# Towing question on a 1988 Hardbody Z24



## boostnm3 (Jun 28, 2009)

First all, glad i found this board that is pretty much dedicated to hardbody owners. I have a 1988 nissan z24 5 speed 4x4. I just bought a 19 foot four winns boat which weighs 2500lbs. Im taking the trailer easily weighs another 800 or so lbs. My question is, will my little nissan tow it with the z24 motor? Ive never really towed anything this heavy with it. I used my father in laws chevy truck to tow it home since it was 2 hours or so. I live maybe 5 min max from the lake. The drop in at the lake is all paved and isnt very steep. What do you guys think? Will it make it? My main concern is pulling the boat and trailer out.


----------



## zanegrey (Dec 5, 2005)

i think you are going to have to try it for your self and tell us..

as a general rule you do not tow anything that is greater weight than the truck itself..

half weight is probably correct and a little more weight with something that has its own brakes..

then again you have such a short distance and not much of an incline but the boat will weigh more as it comes out of the water.(seinfeld impression here) "its mostly water weight"..

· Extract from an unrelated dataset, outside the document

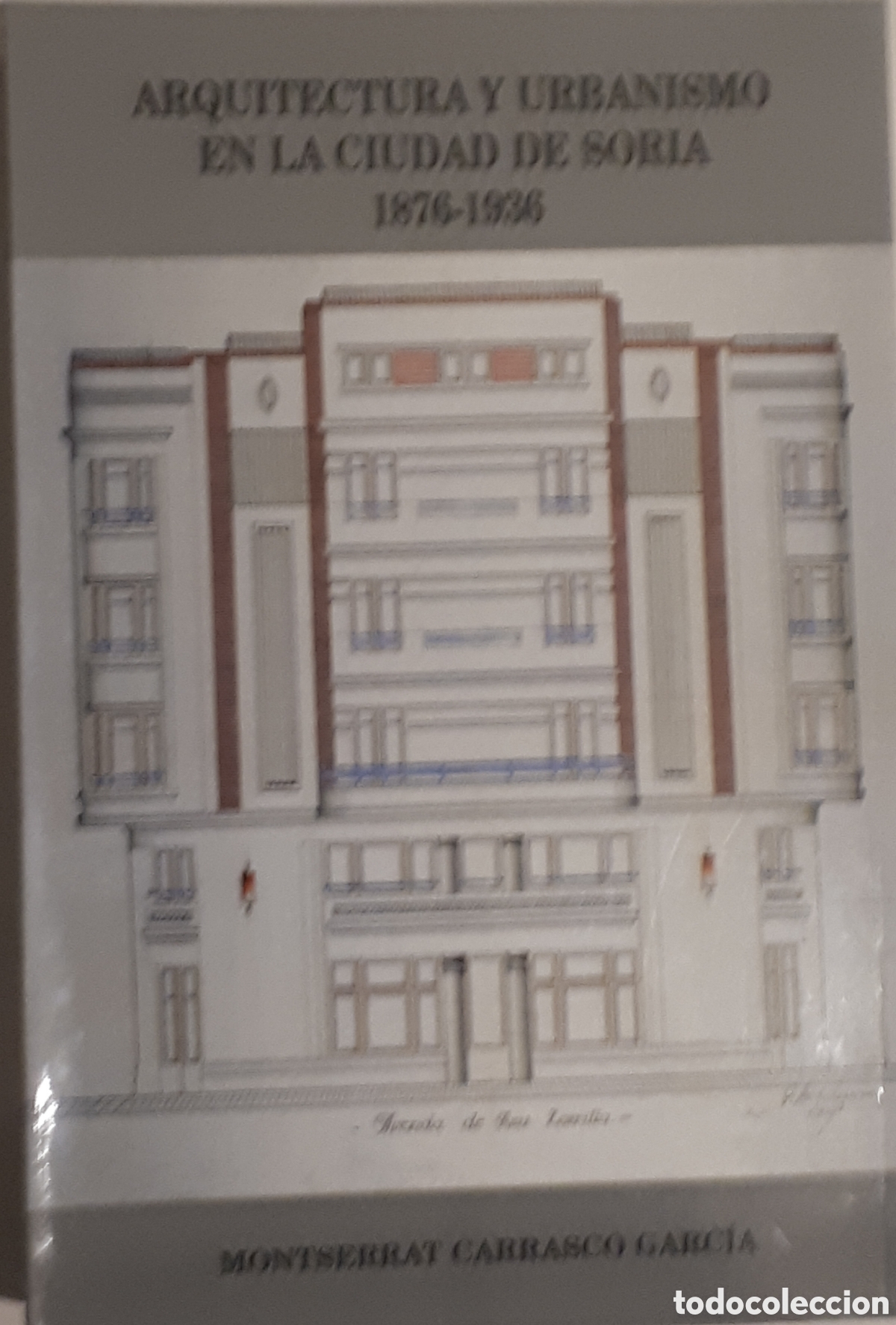 Livres d'occasion: ARQUITECTURA Y URBANISMO EN LA CIUDAD DE SORIA 1876-1936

so ...i am back to waiting to see how it goes for you..

good luck


----------



## kabledogg (Jul 9, 2009)

Have your father inlaw follow to the lake one time and launch the boat. Load it back up and see if the HB can pull it out, if not father law can hook to your truck and pull both and then you will know for sure if it will do it.

I use to have a v6 HB and as long as i use low lock it would pull a 19' ski boat out no problem. Good luck with it.


----------



## SPEEDO (Jun 9, 2003)

your bumper might have a towing weight stamped in it, around the ball area..
I tow my jet skis (3 seaters) up/down hills in/out of lake with no problems (also a Z24)
I have also towed a 86 Sentra (on a car dolly) with it.. I wouldnt make that a habbit...


----------



## dentedsub (Oct 23, 2007)

you should go do what kabledogg says then let us all know how it goes.

ive always said though, its not a real truck unless it can haul half its weight and tow its own. i've hauled a ton but i still need to tow 2 tons to qualify mine as a truck.


----------



## brookwood61 (Aug 18, 2005)

Are you putting it in a river, or a lake. I've seen some people get in a world of hurt, real quick, putting a boat in the Ohio River, when the current was fast, with a 2WD. Even with a smaller 4WD, ya got to be quick getting it up and out of the water.
Good Luck


----------



## rockcrusher44 (Oct 7, 2006)

You might can tow it but stopping it will be a bitch. I once towed a 20ft pontoon boat up past the continental divide through Joyce Kilmer National Forest and down the mountain to a lake. I got it up the mountain ok but going down the other side really sucked. I think I aged ten years before I made it all the way down. there are a lot of things these little trucks are ideal for but towing big boats ain't one of them. If your only going to tow your boat a short distance on relatively flat ground you'll probably be alright otherwise I wouldn't try it. I always use low range to pull my boat out of the water, my guess is its probably going to be a real strain on your drivetrain to attempt it with a two wheel drive. Let us know how it works out.


----------



## TheRepairMan (Jun 30, 2009)

zanegrey said:


> as a general rule you do not tow anything that is greater weight than the truck itself..
> 
> good luck


That brings up the funniest mental picture.

If you do tow it, at least video tape the adventure!


----------